For training RNNs (simple, LSTM, GRU included), the data must be structured as `(batch_size, timesteps, features)`. So a single "sample" in this context is a timeseries of length `timesteps` and dimensionality `features`. RNNs can be trained with different size timesteps and batch sizes, which is often useful in the context of natural language processing. However, if running an RNN in "stateful" model, which maintains the dependence between different samples from the same location, the data must have consistent number of timesteps and batch size across all inputs. Further, when using static features like lon/lat or elevation, it is desirable to have samples from different locations within the same batch.

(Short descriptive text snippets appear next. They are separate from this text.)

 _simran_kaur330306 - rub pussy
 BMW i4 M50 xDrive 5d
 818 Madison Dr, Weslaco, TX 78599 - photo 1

Otherwise, if a batch is constructed with samples all from the same location, the static features will have zero variance for a given batch and the model cannot learn any relationship between the static features and the outcome variable for that batch.

Data is stored in a custom class `RNNData` defined in `models/moisture_rnn.py`. A custom class is used to organize scaling as well as batch construction. 

In [None]:
dat = mrnn.RNNData(train, val, test,
                  method="random", random_state=None)

In [None]:
# Save Test Data

with open("../data/test_data/test_rnn_dat.pkl", 'wb') as handle:
    pickle.dump(dat, handle, protocol=pickle.HIGHEST_PROTOCOL)

In [None]:
dat.X_train.shape

In [None]:
np.mean(dat.X_train, axis=(0,1))

In [None]:
np.mean(dat.X_val, axis=(0,1))

In [None]:
np.mean(dat.X_test, axis=(0,1))

In [None]:
dat.scale_data()

In [None]:
np.mean(dat.X_train, axis=(0,1))

In [None]:
np.mean(dat.X_val, axis=(0,1))

In [None]:
np.mean(dat.X_test, axis=(0,1))

In [None]:
a, b, c = dat.inverse_scale()

In [None]:
np.mean(a, axis=(0,1))

In [None]:
np.mean(b, axis=(0,1))

In [None]:
np.mean(c, axis=(0,1))

In [None]:
dat.y_train.shape

In [None]:
dat.X_val.shape

In [None]:
dat.y_val.shape

In [None]:
dat.X_test.shape

In [None]:
dat.y_test.shape

### Fitting RNN Models

In [None]:
import importlib
import models.moisture_rnn
importlib.reload(models.moisture_rnn)
import models.moisture_rnn as mrnn

In [None]:
params = mrnn.params_models["rnn"]
params.update({
    'stateful': False,
    'return_sequences': True,
    'hidden_units': [20, 20, None], 
    'batch_size': 32,
    'timesteps': None,
    'epochs':100,
    'random_state': 42
})
params

rnn = mrnn.RNN_Flexible(n_features=dat.n_features, params=params)

In [None]:
dat.X_train.shape

In [None]:
dat.y_train.shape

In [None]:
type(dat.y_val[0,0,0])

In [None]:
type(dat.y_train[0,0,0])

In [None]:
rnn.fit(dat.X_train, dat.y_train, 
        validation_data=(dat.X_val, dat.y_val),
        batch_size = params["batch_size"],
        epochs = 3,
        verbose_fit = True
       )

In [None]:
rnn.test_eval(dat.X_test, dat.y_test)

In [None]:
p = rnn.predict(dat.X_test)
np.sqrt(mean_squared_error(p.flatten(), dat.y_test.flatten()))

In [None]:
dat.X_train.shape